What are the variables here that contribute to an upper GI bleed?
Upper GI bleeding implies gastrointestinal bleeding that originates proximal to the ligament of Treitz. According to McCance and Huether (2019), upper GI bleeding accounts for 70 to 80% of all gastrointestinal bleeding. In the scenario presented, variables that contribute to the diagnosis of an upper GI bleed include age, passing dark tarry stools, history of antiacids, and mid-epigastric pain for several weeks. An age greater than 60 years increases the risk of gastrointestinal bleeding, while the passage of black tarry stool predominantly originates from upper GI bleeding. Finally, antiacid use and mid-epigastric pain are associated with peptic ulcer disease, the most common cause of upper GI bleeding.
What can cause diverticulitis in the lower GI tract?
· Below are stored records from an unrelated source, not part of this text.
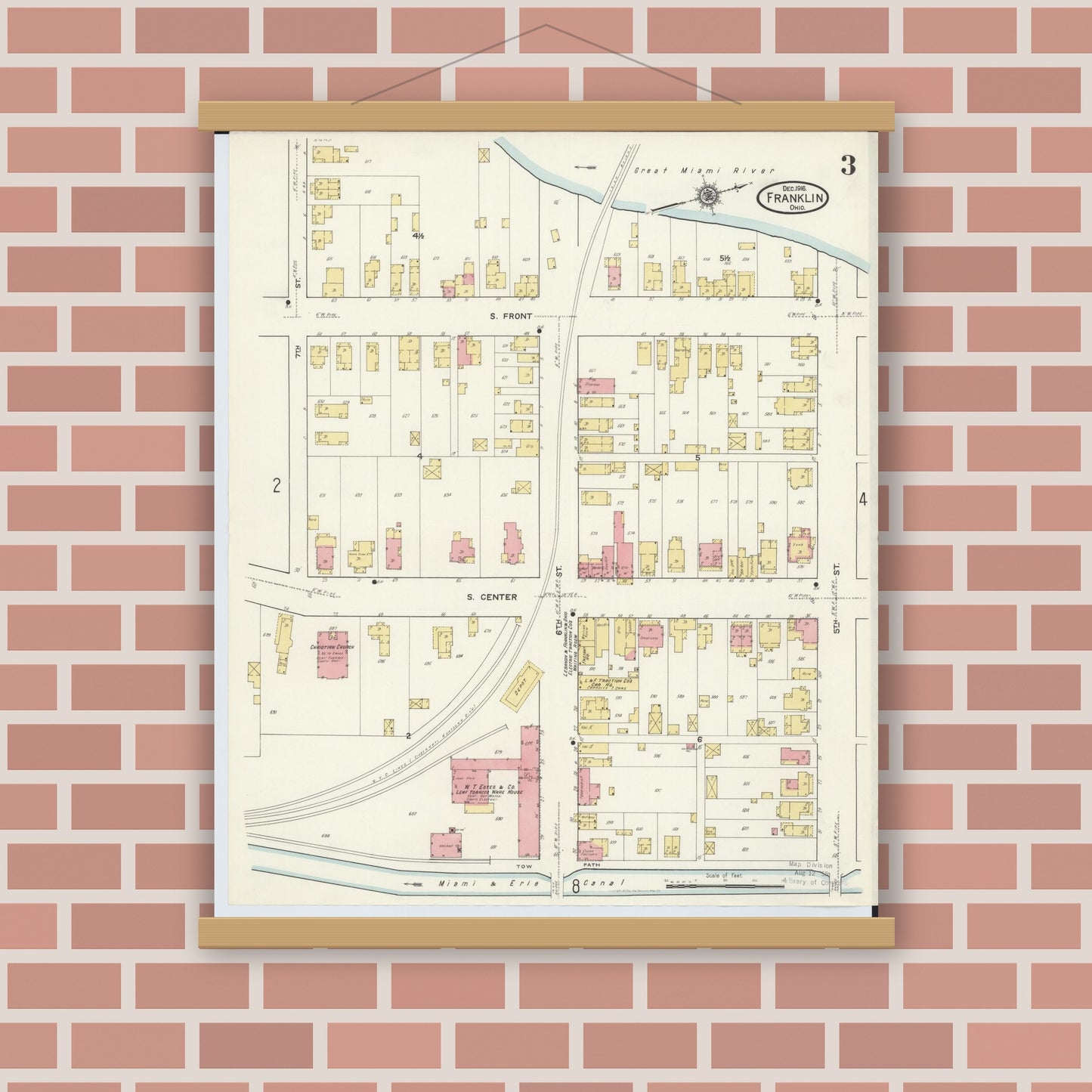 Old map wall art mockup — magnetic wood frame on brick wall — Sanborn Fire Insurance Map from Franklin, Warren County, Ohio (1916), Sheet #0003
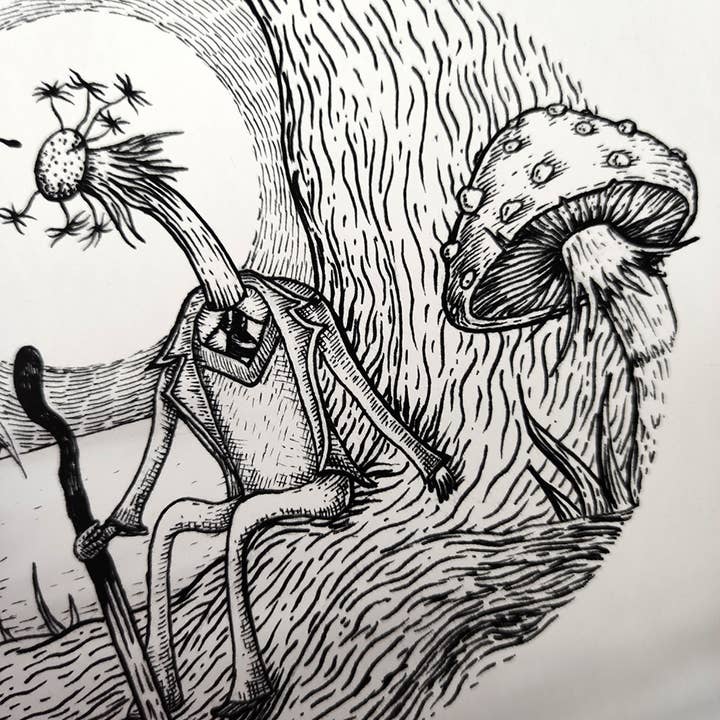 Jon Turner Illustration – wholesale Art print – Melancholy Mandelion art print1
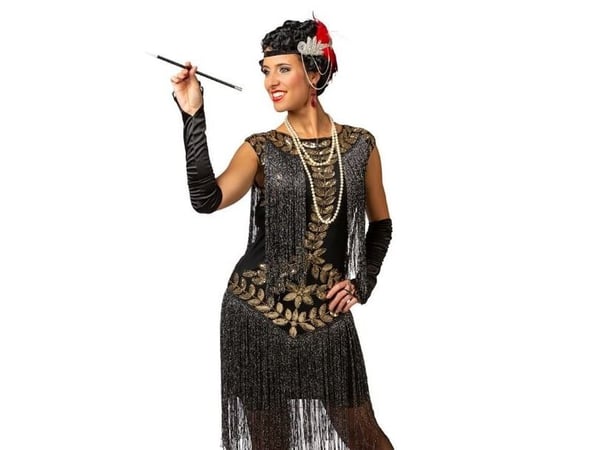 Flapper paljettklänning med fransar
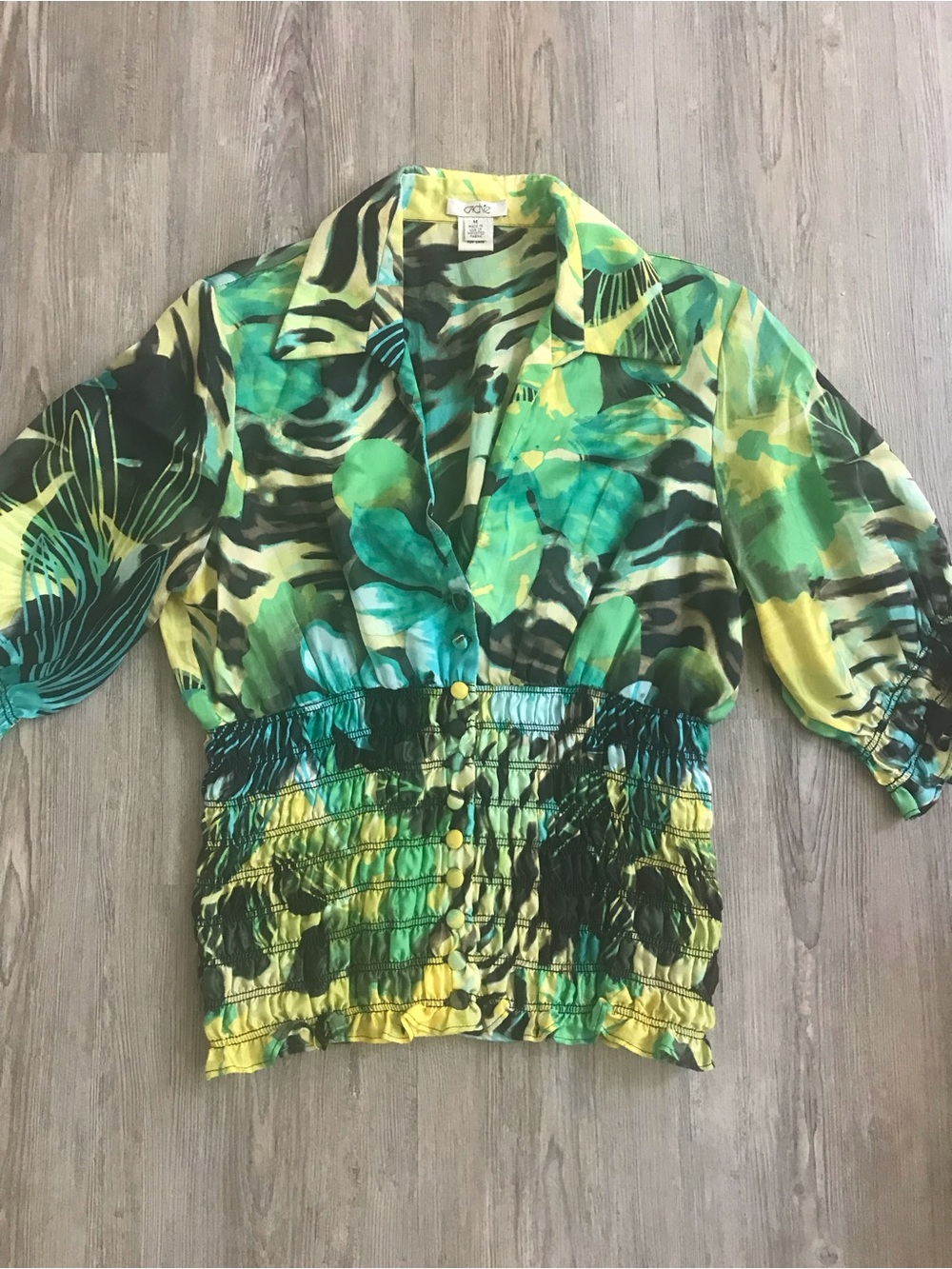 Cache Green and Yellow Tropical-Print Smocked Button-Front Top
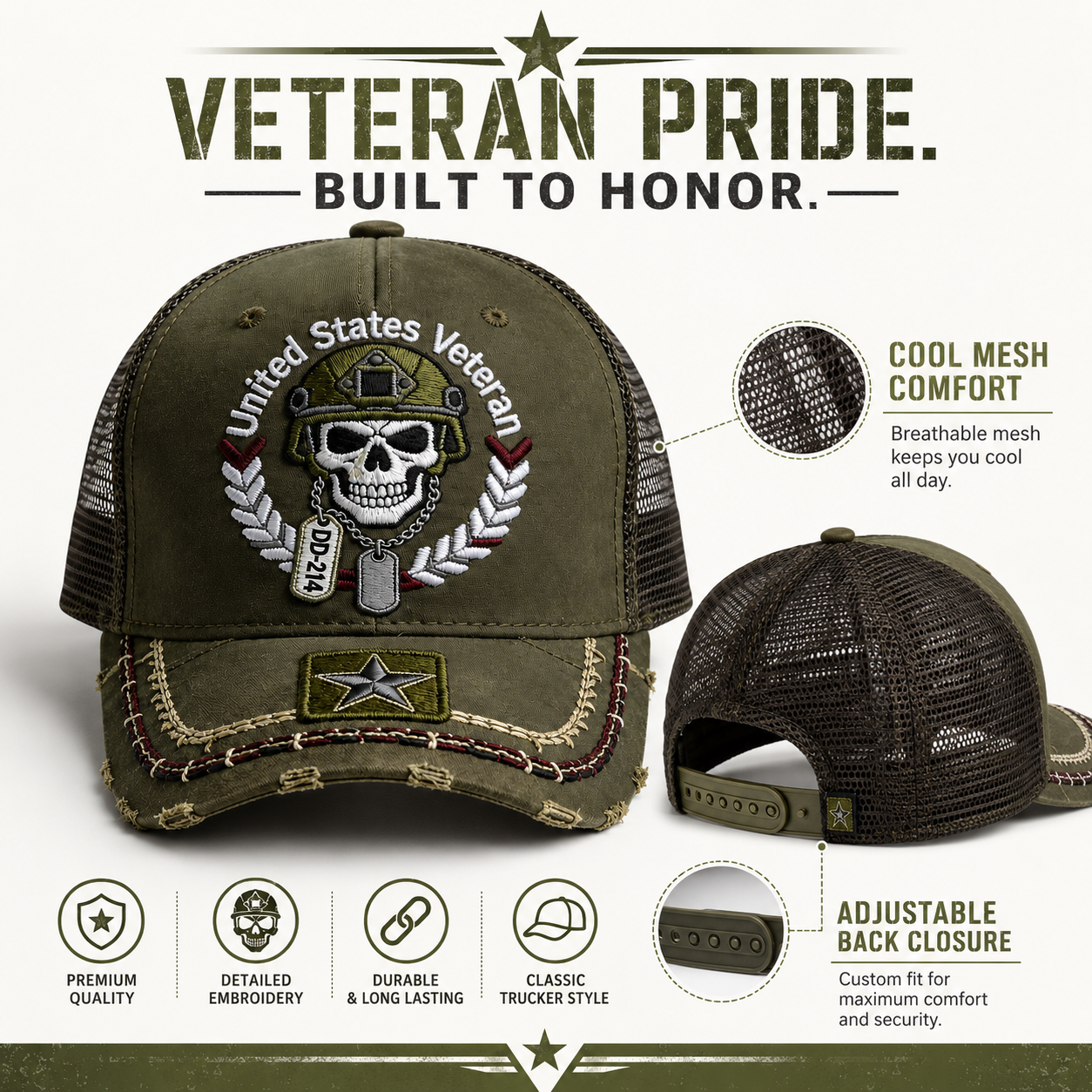United States Veteran DD-214 Distressed Embroidered Trucker Hat 🇺🇸 | Veteran Pride Mesh Cap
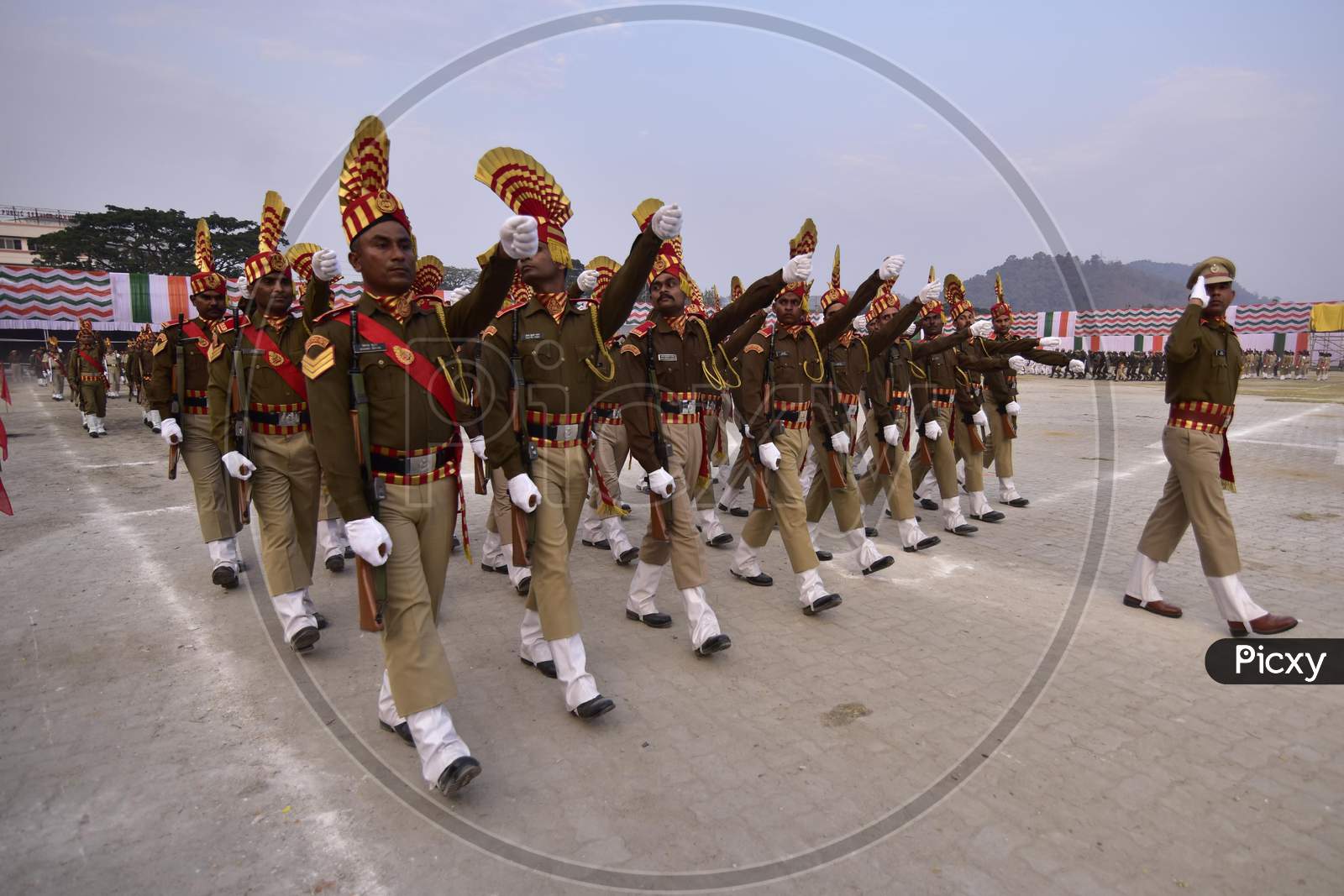 Paramilitary force personnel take part in a full dress rehearsal ahead of events to mark India's Republic Day in Guwahati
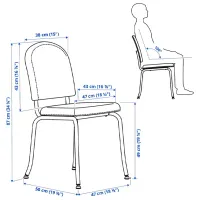 Кухонный стул Ikea Ebbalycke/Idekulla Ткань/ Бежевый Черный photo 6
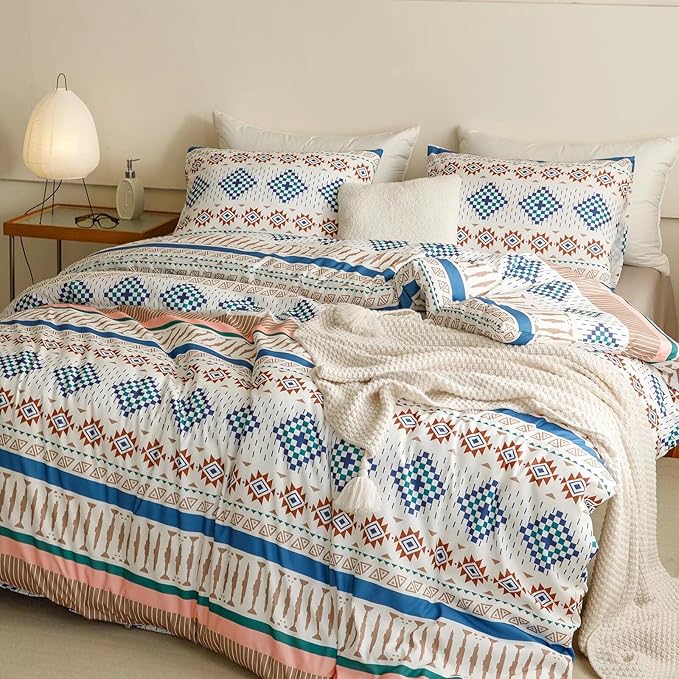 Luxlovery Aztec Comforter Set Queen Boho Geometric Bedding Comforter Set American Farmhouse Tribal Ethnic Blanket Quilts Southwestern Exotic 3pcs Comforter Set Queen Size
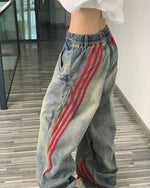 90s Style Wide Red Stripe Jeans - boogzel clothing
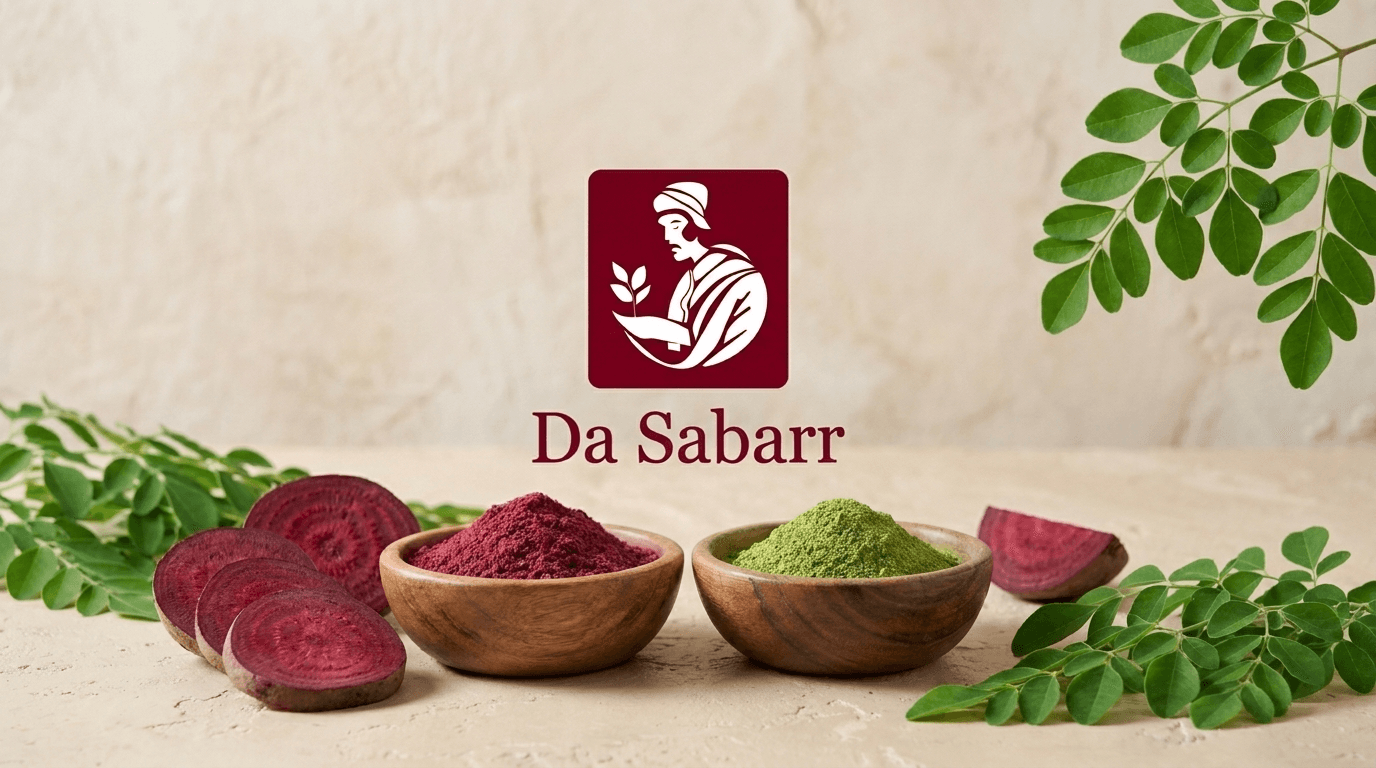 Da Sabarr organic superfood powders arrangement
Diverticula refer to sac-like protrusions in the colonic wall (Strate & Morris, 2019). These outpouchings are a consequence of the weakness of the outer muscle layer of the colonic wall. Diverticulitis refers to the inflammation or infection of these sac-like protrusions. The distinct cause of diverticulitis is unclear. However, several factors contribute to the risk of diverticulitis, including increased pressure from constipation, abdominal obesity, and smoking (Strate & Morris, 2019). Similarly, diet plays a significant role in the development of diverticulitis, particularly high-fat, red meat, and low-fiber diets (Strate & Morris, 2019). Finally, exposure to drugs such as opioids, steroids, and NSAIDs increases the risk of diverticulitis.
References
Clarrett, D. M., & Hachem, C. (2018). Gastroesophageal reflux disease (GERD). Missouri Medicine, 115(3), 214–218. https://www.ncbi.nlm.nih.gov/pubmed/30228725
McCance, K. L., & Huether, S. E. (2019). Pathophysiology: The biologic basis for disease in adults and children (8th ed.). Mosby.